• _PROBLEM REQUIREMENTS_: Without any of the pictures, set down the data below exactly.

• _DATASET EXTRACT_:
■ ■ ■ ■
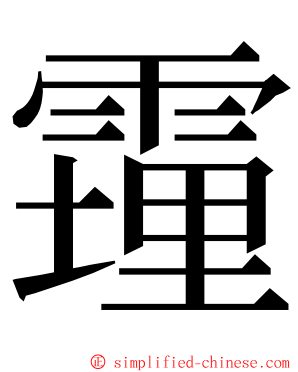 䨪 ming font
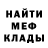 МДМА VHQ Vera Grechka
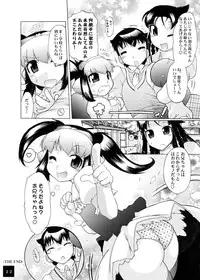 [POISON BLUES (Deshima Shin)] ユメごこちTOR (Original)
■ ■ ■ ■
• _RESPONSE AREA_:
 䨪 ming font
 МДМА VHQ Vera Grechka
 [POISON BLUES (Deshima Shin)] ユメごこちTOR (Original)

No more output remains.